UMCUGenetics/NextflowModules

Feedback

Closed this issue · 1 comments

  1. Add an "how to update" to the documentation to explain how to also update the submodules.

  2. Documentation refers to the HPCwiki for info about singularity with slurm but the wiki page does not mention singularity.

  3. Does not take *.fq.gz as input files only *.fastq.gz

  4. Requires "R1" to be present in the fastq filename even if it is single end data.

  5. Part of the input fastq filename is nog longer there in the output filename. The documentation should state the format of the input fastq filename that is expected.

  6. featureCounts does not assign any reads for single end data. All reads are status "Unassigned_Read_Type". Might be due to strandedness of my data and the default setting not matching. I will test this and update with results.

Hi Yano, thanks for the feedback. I will try to answer each point below.

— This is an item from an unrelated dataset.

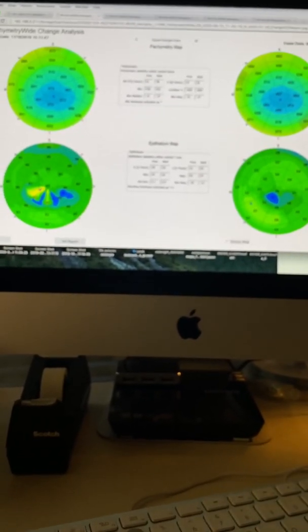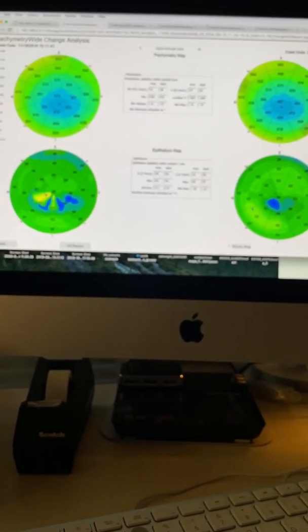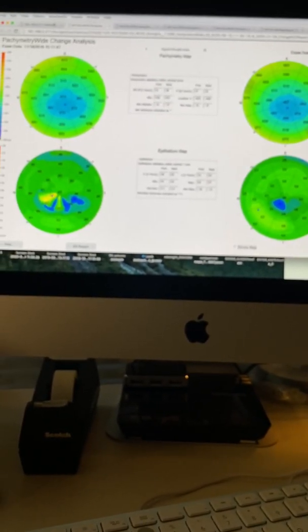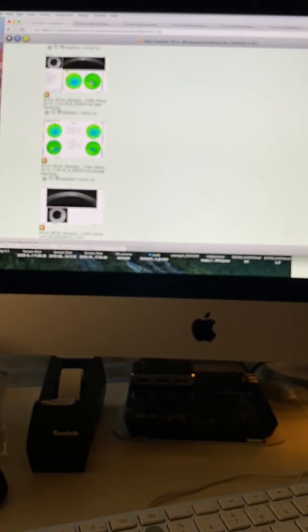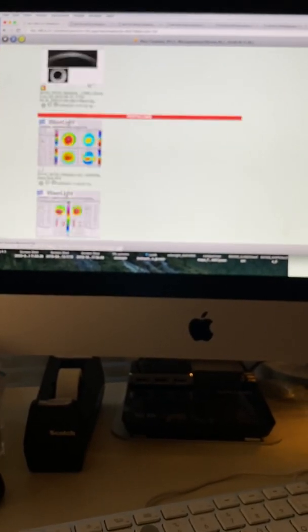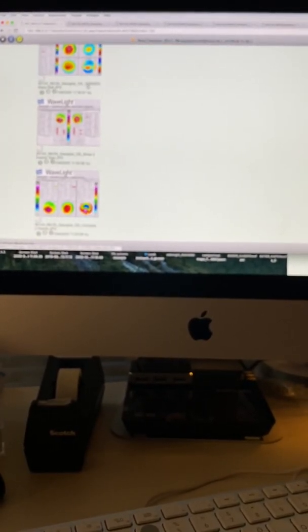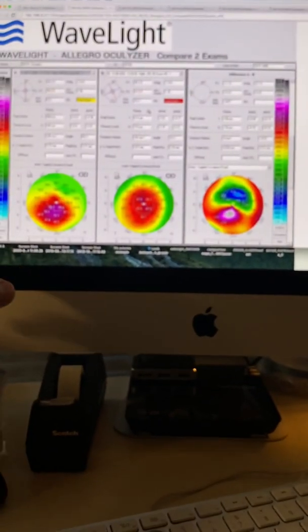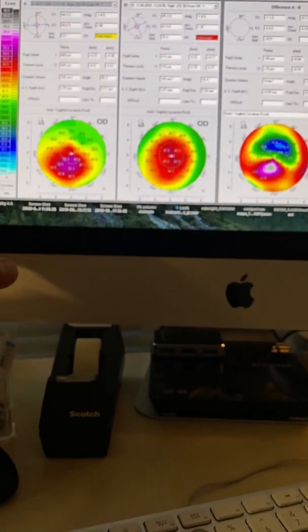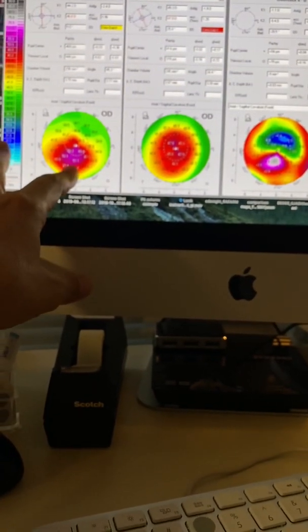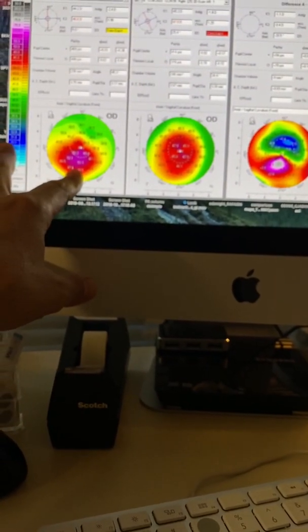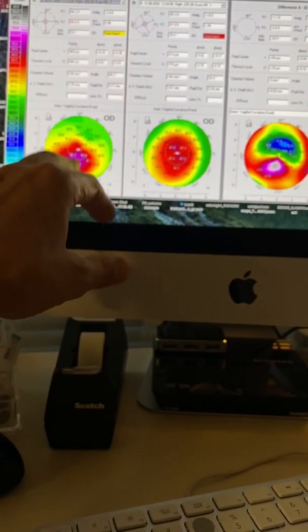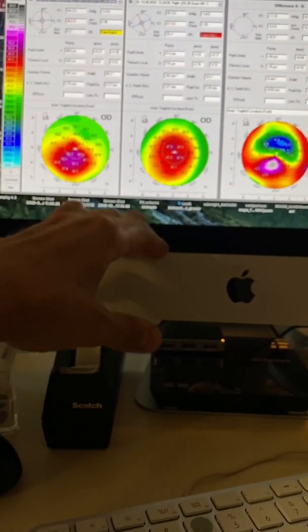So to wrap up, let's go look at the Pentacam maps before and at one month. This is the miracle of employing the Athens Protocol for keratoconus in a young adult. We not only have stabilization of the cone, but a dramatic reforming of the cornea.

  1. Updating submodules can be done according to the coding guidelines in the readme: https://github.com/UMCUGenetics/NextflowModules#contributing

  2. The hpc wiki explains singularity on this page https://wiki.bioinformatics.umcutrecht.nl/bin/view/HPC/SoftwareInstallation#Making_software_available_us_AN2, singularity is independent from slurm or sge.

  3. Correct, utils/fastq.nf module only supports fastq.gz for now, feel free to submit a pull request. I think we can use something like: f*q.gz to support both file types.

  4. extractFastqFromDir in utils/fastq.nf supports single end data.

  5. This depends on which tools and workflow are used to process your data. But we could indeed explain what the processes in utils/fastq.nf need in terms of input file names.

  6. This seems something workflow specific? Please add an issue to the repository of the workflow.

I am closing the issue now, feel free to reopen it if you have more questions.